19 janeiro 2006

Sit around! Sit around!

Rocky Marsiano

Rocky Marsiano
Bicaense, Lisboa
18 de Janeiro

Por razões diversas que não importa aqui enumerar, já há tempo considerável que de alguma forma me desliguei dessa coisa que, para milhares de pessoas, basta referir como "a noite". Essa noite, a das tertúlias mais ou menos inconsequentes, deu lugar a outro tipo de noites, mais privadas e simultaneamente mais consentâneas com a falta de paciência para uma porrada de situações que decorrem "na noite". Terei sido, portanto, no passado serão um absoluto forasteiro no Bicaense. Talvez seja suficiente dizer que, no espaço onde actuou o combo de Rocky Marsiano, não entrava desde o tempo em que lá se jantava.

Ora, como se sabe, Rocky Marsiano e o seu soberbo "The Pyramid Sessions" são um projecto de hip hop, no caso de um hip hop de pendor jazzístico, com guitarra real e saxofone. Pelo menos para mim, aquilo é hip hop. Por isso mesmo, muito me espanta que o Bicaense parecesse, ao longo de coisa de hora e meia, um workshop de música, com assistência dividida entre sofás e o chão, como se quem ali estivesse a actuar fosse um qualquer cantautor de barbas descoberto por Devendra Banhart. Não entendo e, muito provavelmente, não quero entender.

No final do espectáculo, D-Mars (identidade habitual de Rocky Marsiano) dizia-me que este concerto havia corrido melhor do que qualquer outro porque, acima de tudo, foi mais solto. Precisamente. Nada como o próprio artista para descrever aquilo que acaba de fazer. Imaginar-se-ia que, de uma mesa onde D-Mars controlava a sua estimada MPC e DJ Ride fazia o possível e o impossível na magistral arte do turntablism, emanaria aquilo que pontualmente poderia ser descrito como free jazz? Não, de todo. Mas foi precisamente isso que aconteceu, e não apenas nos encores exigidos, muito por via do cálido saxofone de Rodrigo Amado e da guitarra de André Fernandes, espécie de liquidificadora que trouxe para a função uma dimensão por vezes cósmica.

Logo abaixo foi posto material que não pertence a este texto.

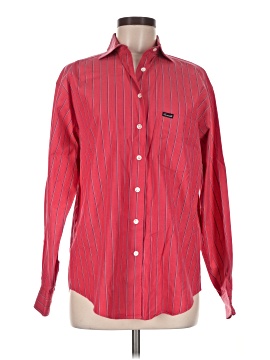 Faconnable Long Sleeve Button Down Shirt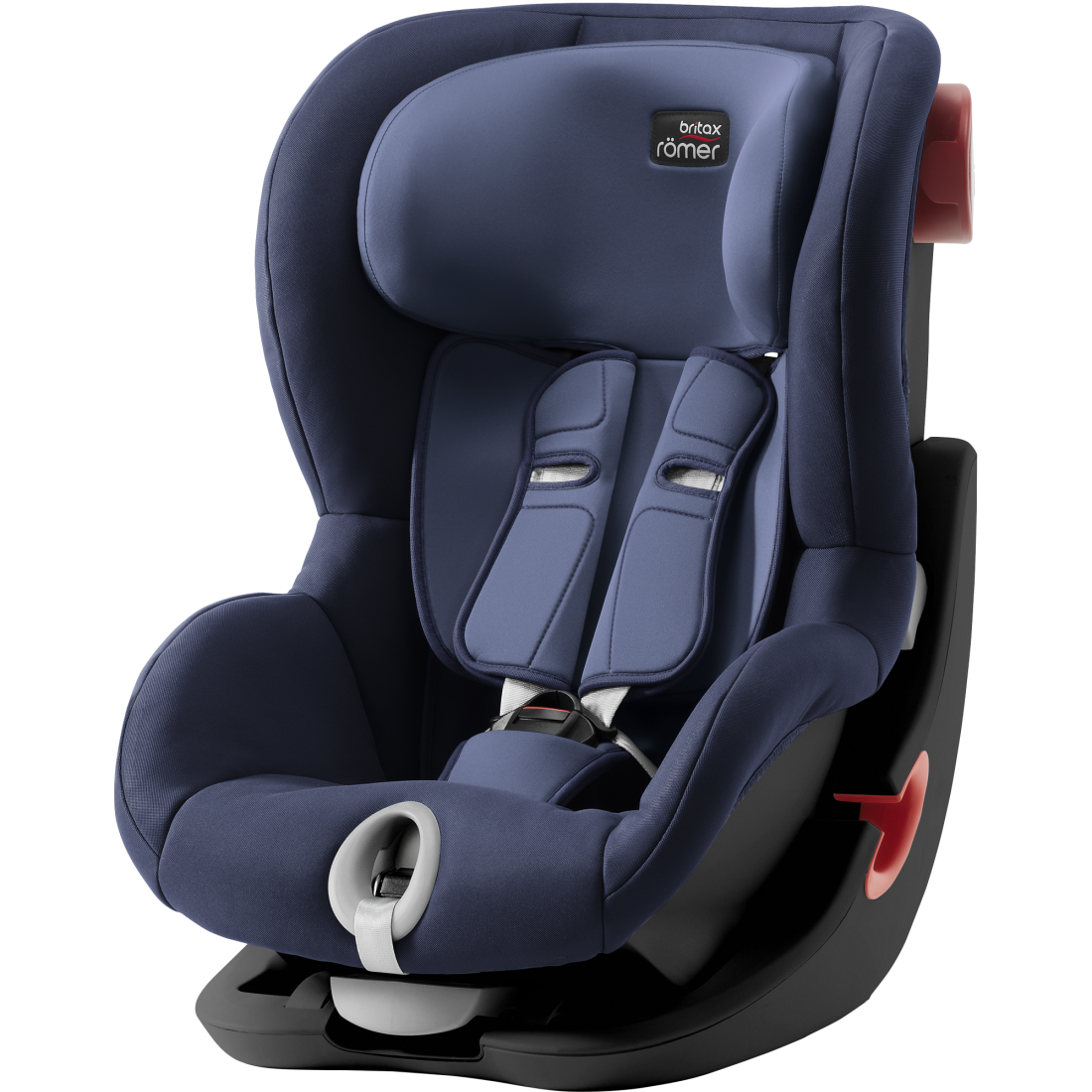 Автокресло BRITAX-ROMER KING II BLACK SERIES Moonlight Blue (2000027560)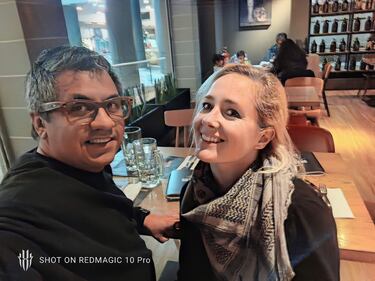 REDMAGIC 10 Pro llega a México: un verdadero titán para los gamers, primeras impresiones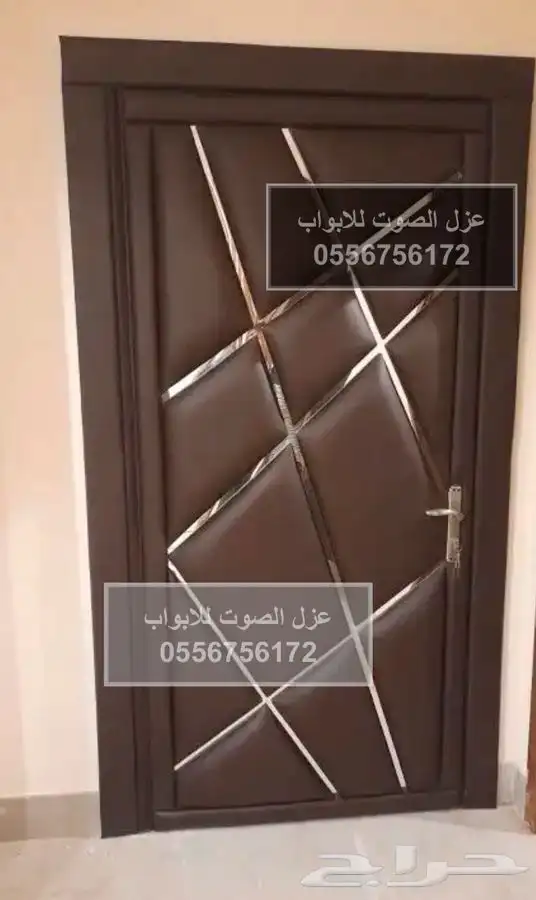 عازل الابواب الافضل في الرياض 21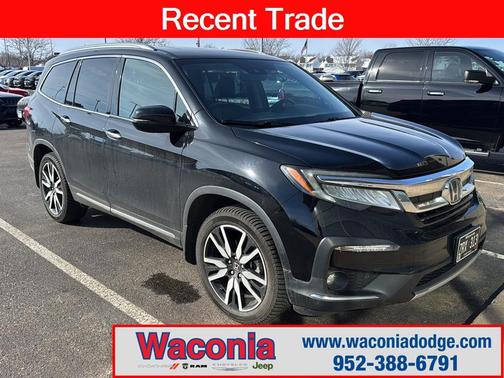 2019 Honda Pilot Elite
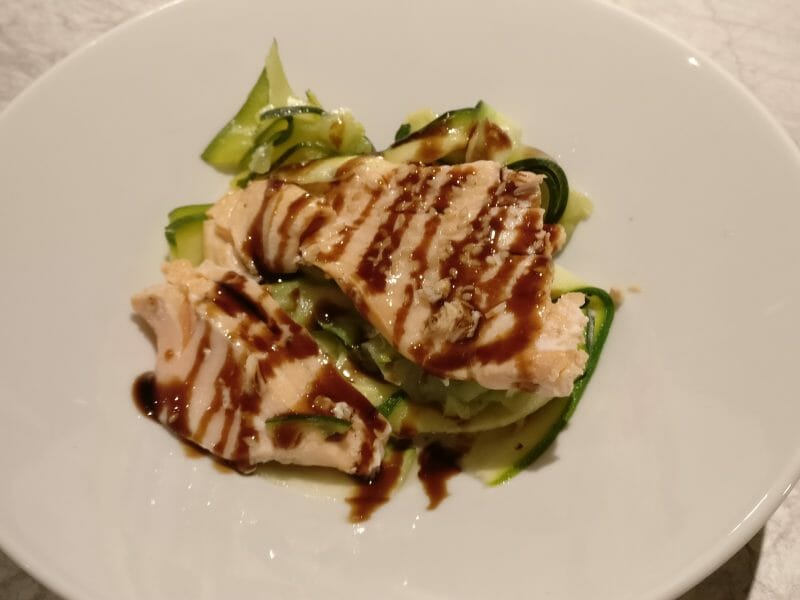 Cliquez pour zoomer ! Pavé de saumon Thermomix par sushi1911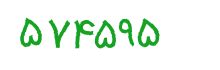 security code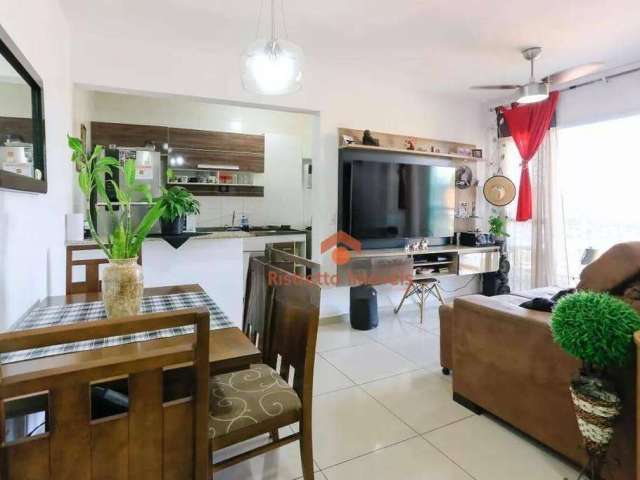 Apartamento à venda, 65 m² por R$ 450.000,00 - Butantã - São Paulo/SP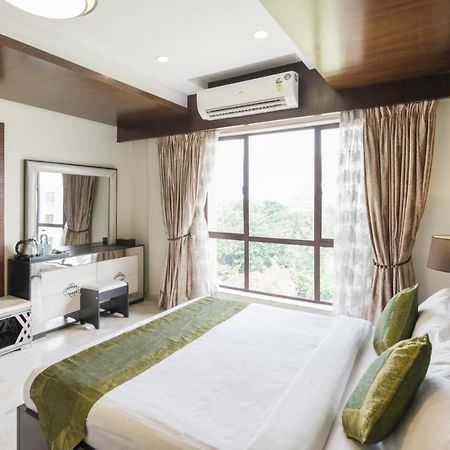 Hotel Treebo Soho Newtown Kalkuta Zewnętrze zdjęcie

D-Mars, já se sabe, é rei na arte de manejar uma MPC, esse lendário objecto com que a Akai constribuiu para numerosos discos de hip hop de todo o mundo e de toda a História. A revelação, pelo menos para este humilde escriba, veio das mãos de DJ Ride, jovem ligado ao Office, nas Caldas da Rainha, e já elemento da lista dos maiores turntablists portugueses, nem que para isso bastasse tê-lo visto e ouvido na noite que passou. Mão direita no prato e no vinil, mão esquerda no crossfader da mesa que o acompanha, tem técnica(s) para dar e vender, agindo mesmo como instrumentista quando, por exemplo, em plena sessão alterna no mesmo tema com uma destreza impressionante entre as 33 e as 45 rotações. Como se nada fosse, tranquilamente, em nome da música comandada por D-Mars.

Se "The Pyramid Sessions" é já de si uma experiência de deleite absoluto, ao vivo Rocky Marsiano assume complexidade maior e sente-se-lhe a vontade de interagir com instrumentos reais ao mesmo tempo que o vemos disparar os samples armazenados na memória da MPC. E se isto ainda não está perfeitamente alinhado, oleado e em piloto automático, não sei se alguma vez deveria estar, tamanha a delícia da imprevisibilidade que acompanha os beats de D-Mars, que vão do hip hop de pendor mais clássico às melodias dolentes de um DJ Shadow, passando por algo que na génese seria um dancehall não desdenhado por Sean Paul.

Rocky Marsiano, ao vivo, é uma experiência em maturação galopante que, garanto eu, no ano que corre deve ser levado a palcos e públicos maiores, já que esta é uma linguagem que, em simultâneo, as pessoas (à falta de melhor termo, use-se este) questionam e apreciam sobremaneira. "The Pyramid Sessions" é o que é. Ao vivo, fazem como que uma longa jam session emtrecortada por aplausos entusiasmados.

Mas isto pode ser do meu ouvido, que é um 1 pouco mouco.